Ad un anno dalla morte di Giulia Cecchittin è finito negli atti dell’inchiesta un diario della studentessa che elencava alcuni motivi per restare sentimentalmente lontana dal suo omicida, Filippo Turetta.
Li aveva annotati tutti ma terminava scrivendo “era il mio amore“.
No, Giulia. Lui era un Disamore – replicano in coro unanime tutti gli alunni di un Istituto superiore del Catanese, che il giorno 26 si sono riuniti numerosi attorno alla loro “Panchina rossa vivente“.
Di cosa si tratta?
È una bellissima iniziativa voluta dall’Istituto in questione con la partecipazione attiva dell’associazione” io sono Giordana”.

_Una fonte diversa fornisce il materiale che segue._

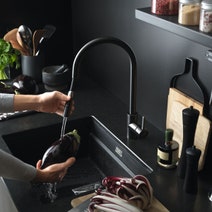 Franke Eos Neo Pull-Out Tap Black Steel TA9601BS hero image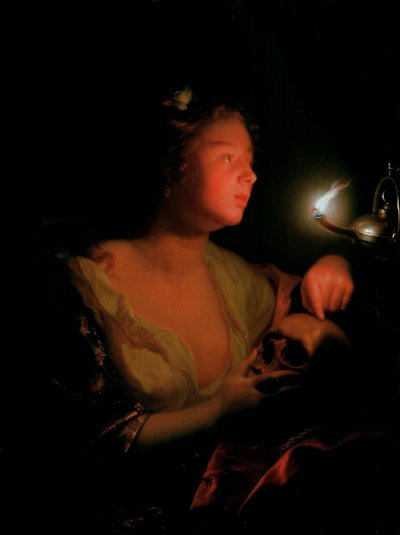 Gyászoló Mária Magdolna (olaj, tölgyfa panelen) alkotó: Godfried Schalcken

La panchina rossa che è notoriamente il simbolo del femminicidio e indica il vuoto che la donna uccisa ha lasciato a tutti, diventa un diario sociale sul quale i giovani possono scrivere liberamente i propri pensieri, un luogo di connessione con gli altri giovani, un punto di riferimento per chi come Giulia ha bisogno di essere aiutata.

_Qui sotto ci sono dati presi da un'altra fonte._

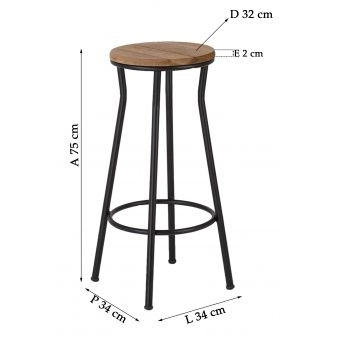 Banco Proa 75 cm Metalnew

Monsignor Barbaro Scionti ha aperto i lavori dell’Auditorium ricordando che la violenza è un dramma autentico ma che non dobbiamo perdere la speranza . “Essa – ha detto – è vedere la luce anche se c’è il buio.

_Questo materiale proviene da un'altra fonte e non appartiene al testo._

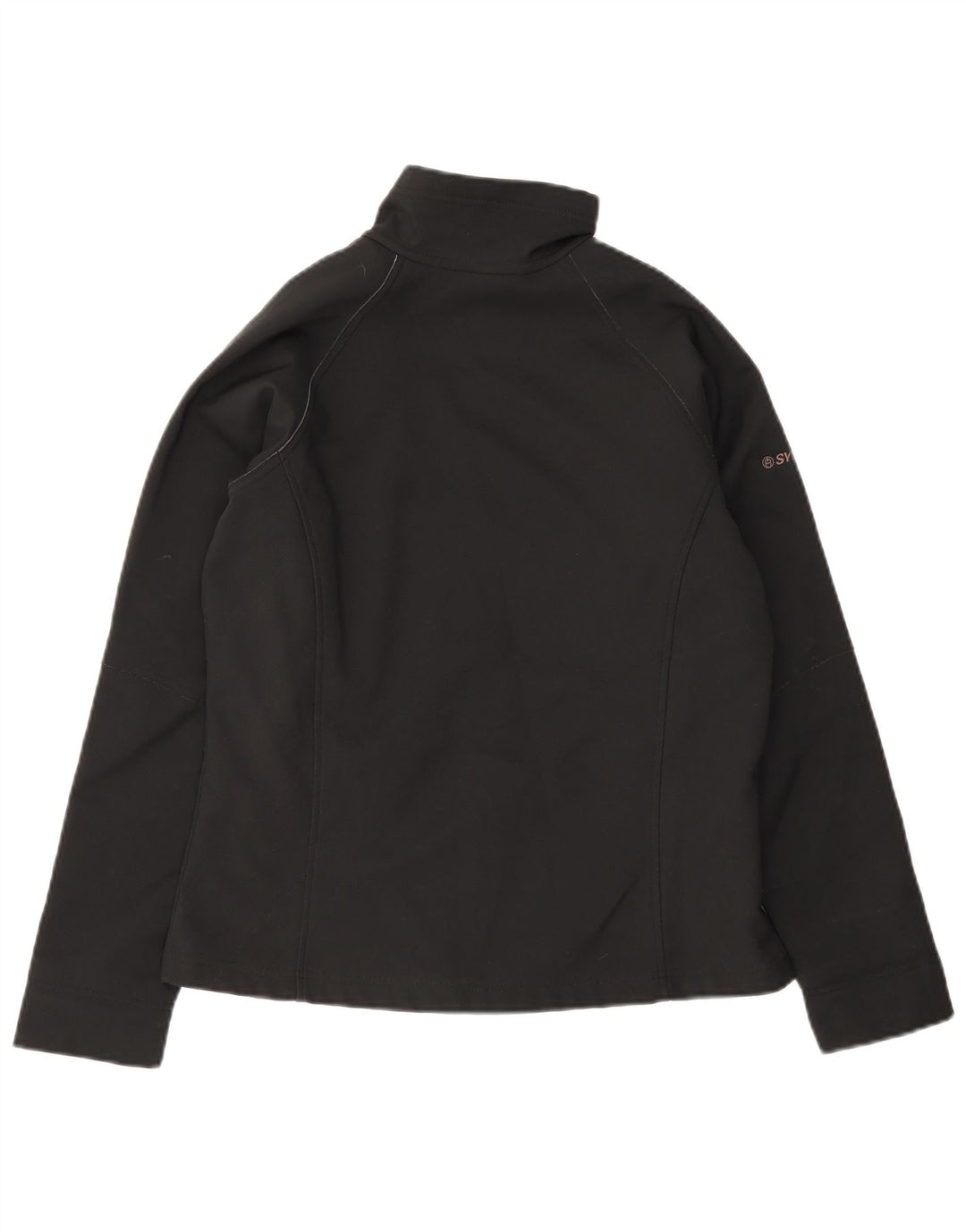 Jaqueta corta-vento feminina Columbia UK 14 poliéster preto médio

La panchina rossa non è in grado di parlare perché è di acciaio.
Ma è necessario che chi si sieda su quella panchina, inizi un percorso serio, lungo e con un atteggiamento diverso“.
L’avvocato Elena Cassella, da anni sul campo nel diritto alle relazioni affettive, ha continuato dicendo che per agevolare questo percorso sarebbe necessario introdurre nel programma scolastico l’educazione affettiva e l’educazione finanziaria dalle elementari. Ha parlato ai giovani della importanza della competenza, evidenziando la necessità di rendere obbligatoria e capillare la formazione per avvocati, magistrati, forze dell’ordine, operatori ospedalieri.
La dott.ssa Roberta Bennanti ha risposto alle tantissime domande degli alunni sulla violenza psicologica e su come riconoscere un rapporto malato.
Vera Squadrito dopo aver evidenziato la necessità di saprer ascoltare, ha dato la sua emozionate testimonianza di madre di Giordana in memoria della quale ha fondato l’associazione “io sono Giordana”.
Associazione presentata dalla psicologa, dott.ssa Giusy Milone che ha parlato della forte esperienza dell’accoglienza di donne vittima di violenza.
Ha dato i suoi saluti l’amministratore Laura Iraci.
Ha concluso l’avvocato Cassella coordinatrice dell’evento puntando l’attenzione sulla necessaria alleanza tra i sessi nella battaglia contro la violenza di genere. “Bisogna lavorare insieme per ripensare alla cultura dell’amore e alla cultura del rispetto reciproco, per costruire un futuro in cui nessuno debba avere paura“.
“Perché – ha salutato Monsignor Scionti – non una in meno abbia con il coraggio della libertà la possibilità di vivere una la libertà coraggiosa“.